======== Given records ========

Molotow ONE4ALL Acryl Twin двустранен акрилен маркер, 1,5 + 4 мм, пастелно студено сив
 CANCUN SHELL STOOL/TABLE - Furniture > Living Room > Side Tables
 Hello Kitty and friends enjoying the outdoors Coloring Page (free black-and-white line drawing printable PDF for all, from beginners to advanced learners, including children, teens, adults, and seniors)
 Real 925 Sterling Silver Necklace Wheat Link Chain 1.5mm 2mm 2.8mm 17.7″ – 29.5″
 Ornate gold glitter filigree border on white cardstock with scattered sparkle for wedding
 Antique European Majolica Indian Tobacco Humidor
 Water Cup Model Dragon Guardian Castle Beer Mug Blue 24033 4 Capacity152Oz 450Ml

========

• Aim of the task: Repeat only the tail of the entries, exactly: the line containing "CANCUN SHELL STOOL/TABLE" and every line after it, to the end.

• Exercise output:
 CANCUN SHELL STOOL/TABLE - Furniture > Living Room > Side Tables
 Hello Kitty and friends enjoying the outdoors Coloring Page (free black-and-white line drawing printable PDF for all, from beginners to advanced learners, including children, teens, adults, and seniors)
 Real 925 Sterling Silver Necklace Wheat Link Chain 1.5mm 2mm 2.8mm 17.7″ – 29.5″
 Ornate gold glitter filigree border on white cardstock with scattered sparkle for wedding
 Antique European Majolica Indian Tobacco Humidor
 Water Cup Model Dragon Guardian Castle Beer Mug Blue 24033 4 Capacity152Oz 450Ml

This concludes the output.